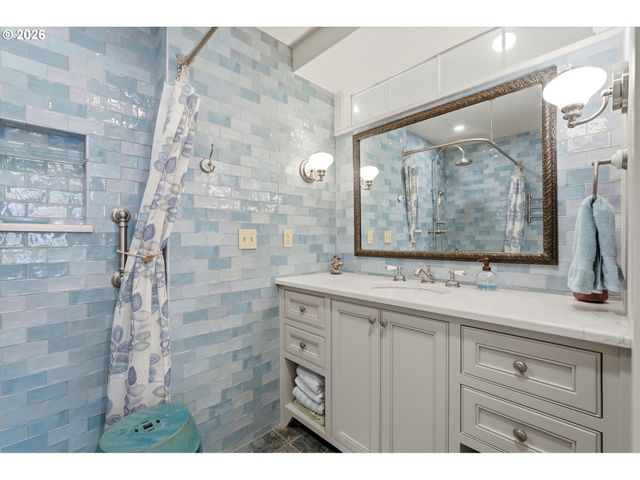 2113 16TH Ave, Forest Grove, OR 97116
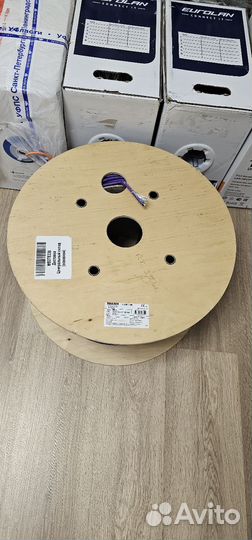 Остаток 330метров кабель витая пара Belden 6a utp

-.-.-

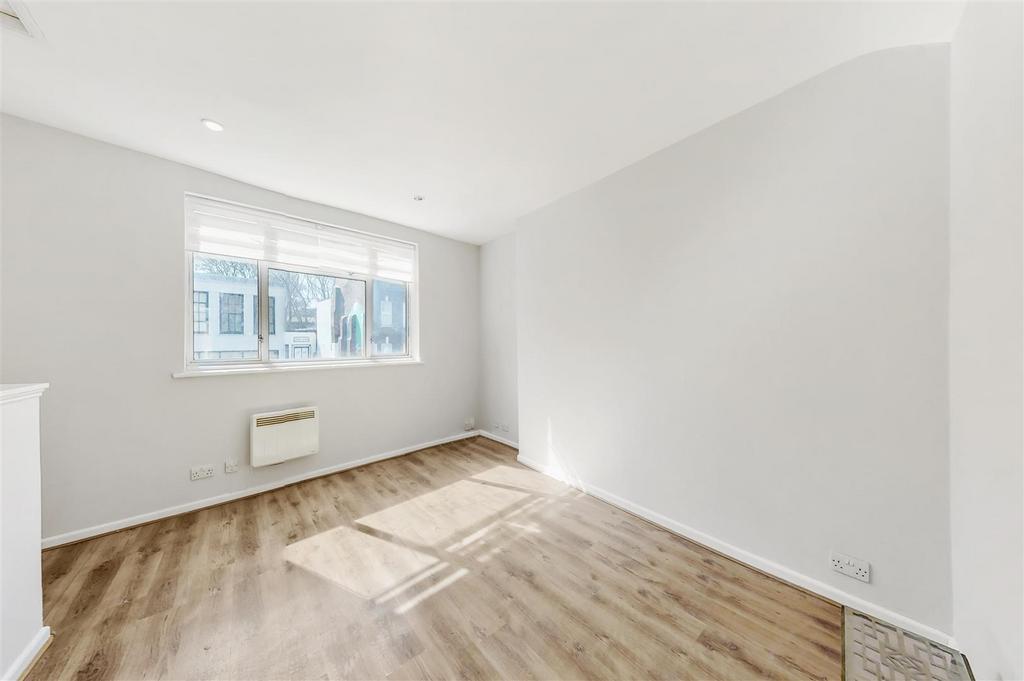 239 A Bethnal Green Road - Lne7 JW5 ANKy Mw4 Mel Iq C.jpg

-.-.-

YOUR TASK:
Beginning with the line above that contains "2113 16TH Ave, Forest Grove, OR 97116" and ending with the line that contains "Остаток 330метров кабель", quote each line exactly, keeping out the pictures.

YOUR RESPONSE:
 2113 16TH Ave, Forest Grove, OR 97116
 Остаток 330метров кабель витая пара Belden 6a utp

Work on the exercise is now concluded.